> **Work task**: Retype exactly the lines that run from the start of the data to the line holding "Könnte beinhalten: Ein", including both, and only those.

> **Data section**:
┌────────
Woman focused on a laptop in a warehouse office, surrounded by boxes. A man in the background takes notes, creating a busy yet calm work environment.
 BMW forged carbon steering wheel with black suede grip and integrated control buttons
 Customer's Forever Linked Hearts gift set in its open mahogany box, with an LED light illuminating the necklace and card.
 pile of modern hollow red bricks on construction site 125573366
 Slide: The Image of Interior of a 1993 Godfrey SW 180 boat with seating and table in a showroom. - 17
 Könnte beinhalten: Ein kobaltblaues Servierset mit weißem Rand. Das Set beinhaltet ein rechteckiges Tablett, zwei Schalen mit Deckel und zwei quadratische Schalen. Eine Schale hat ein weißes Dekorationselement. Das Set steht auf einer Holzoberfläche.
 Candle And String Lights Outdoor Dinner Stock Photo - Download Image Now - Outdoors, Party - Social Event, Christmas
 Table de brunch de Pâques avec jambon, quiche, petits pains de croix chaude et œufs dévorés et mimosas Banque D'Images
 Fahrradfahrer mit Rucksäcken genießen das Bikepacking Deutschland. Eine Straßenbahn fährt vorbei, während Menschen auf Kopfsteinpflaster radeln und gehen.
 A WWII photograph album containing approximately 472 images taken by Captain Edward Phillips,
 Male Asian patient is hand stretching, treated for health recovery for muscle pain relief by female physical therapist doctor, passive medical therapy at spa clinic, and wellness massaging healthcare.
└────────
> **Answer box**:
Woman focused on a laptop in a warehouse office, surrounded by boxes. A man in the background takes notes, creating a busy yet calm work environment.
 BMW forged carbon steering wheel with black suede grip and integrated control buttons
 Customer's Forever Linked Hearts gift set in its open mahogany box, with an LED light illuminating the necklace and card.
 pile of modern hollow red bricks on construction site 125573366
 Slide: The Image of Interior of a 1993 Godfrey SW 180 boat with seating and table in a showroom. - 17
 Könnte beinhalten: Ein kobaltblaues Servierset mit weißem Rand. Das Set beinhaltet ein rechteckiges Tablett, zwei Schalen mit Deckel und zwei quadratische Schalen. Eine Schale hat ein weißes Dekorationselement. Das Set steht auf einer Holzoberfläche.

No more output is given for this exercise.